Apr 3, 2010
I tried to make it work, really I did. But at a certain point you have to accept that it wasn't meant to be. There were no angry confrontations, no broken plates or slamming of doors; I just left.
We met by chance, really: someone on Pattern Review had told me last summer that something I'd sewn was worthy of The Sartorialist. I didn't get the reference so naturally, I had to find out who this Sartorialist was. I paid him a visit, and then again, and again and, well, you know how these things happen.
Initially I was attracted, oh, so strongly. All those stylish people from so many different countries wearing beautiful clothes and looking so great in them. I saw unusual looks that made me think about new silhouettes, and fresh color and pattern combinations.
But like many ill-fated relationships, this one got old fast. This is NOT meant to be a criticism of The Sartorialist, btw. It wasn't him, it was me.
Here's why I drifted:
1. You probably know by now that I'm really into context. I'm interested in why we dress the way we do, what clothes mean and why, and how we use them to express who we are in the world and who we want to be.
2) As much as I enjoy making clothes, I'm not a fashion person. I'm interested in the history of fashion design and I like to play dress up but I don't care much about today's trends. I dress very simply. The Sartorialist usually features fashion people: editors en route to a fashion show, models, stylists, photographers. Of course, those people are going to look stylish, it's their job.
3) This relates to yesterday's post about class: You may disagree, but to me most (not all, most) people featured in The Sartorialist look affluent. I see people whose lives allow them to wear uncomfortable shoes, beautiful and expensive-looking designer clothes, and live in glamorous cities.
It's the same way I feel about home decor magazines: you're shown some wealthy couple's fantastic country house that they usually haven't even decorated themselves -- they've paid someone else to do it for them so of course their house is going to be gorgeous. Who are these people and why do they have so much money? Did they inherit it or did they earn it and if they earned it, how?

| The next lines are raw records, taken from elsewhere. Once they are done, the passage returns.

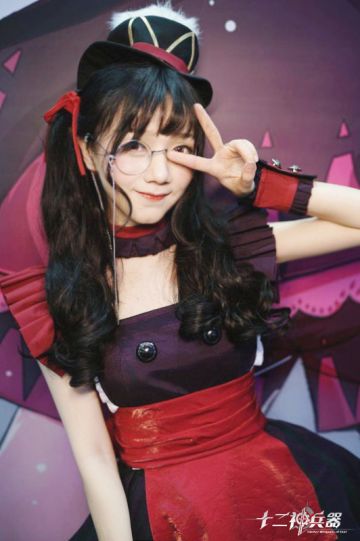 CCG回顾|一起来看尤菲的CCG参展汇报~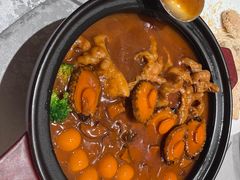 -连鹭海鲜·海肠捞饭·海胆饭(星海店)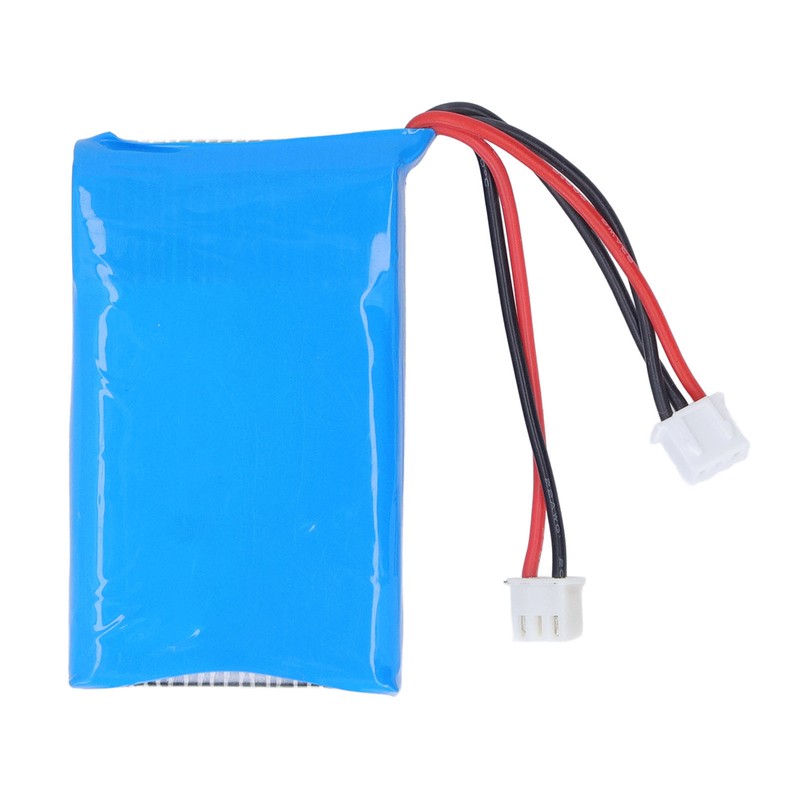 7.4V 2000mah 8C Lipo Battery 7.4V 2000mAh Lithium Battery for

I enjoy looking at beautiful things but at the same time I resent the display of wealth, especially when it's not treated as worthy of comment.
4) Too many of the younger, non-fashion-editor-types featured on the Sartorialist look...ordinary.
5) The comments people make on the Sartorialist -- and I don't blame the Sartorialist for this -- are vapid, generally things like "great shirt!" "awesome shoes!" (It's not like he made the shoes, for Pete's sake!) As someone who sews, I can't get very excited about someone wearing something purchased, as challenging as it can be to assemble an outfit.
So that's it, my five reasons. I'm not trying to change any minds here. I'm still going to visit the Sartorialist from time to time; no hard feelings. There's still some attraction there for sure. We're just not together anymore.
On a related note, there really is too much fashion imagery in our lives already.
I find myself agreeing with reader Monica, who commented the other day, "there is way too much judgment based on personal appearance in this world, and I wish we would all be more understanding the next time someone's appearance triggers feelings of discomfort or contempt."
I want to add that while I write a lot about clothes, no one has to look or dress a certain way to earn my respect or love. I really don't care.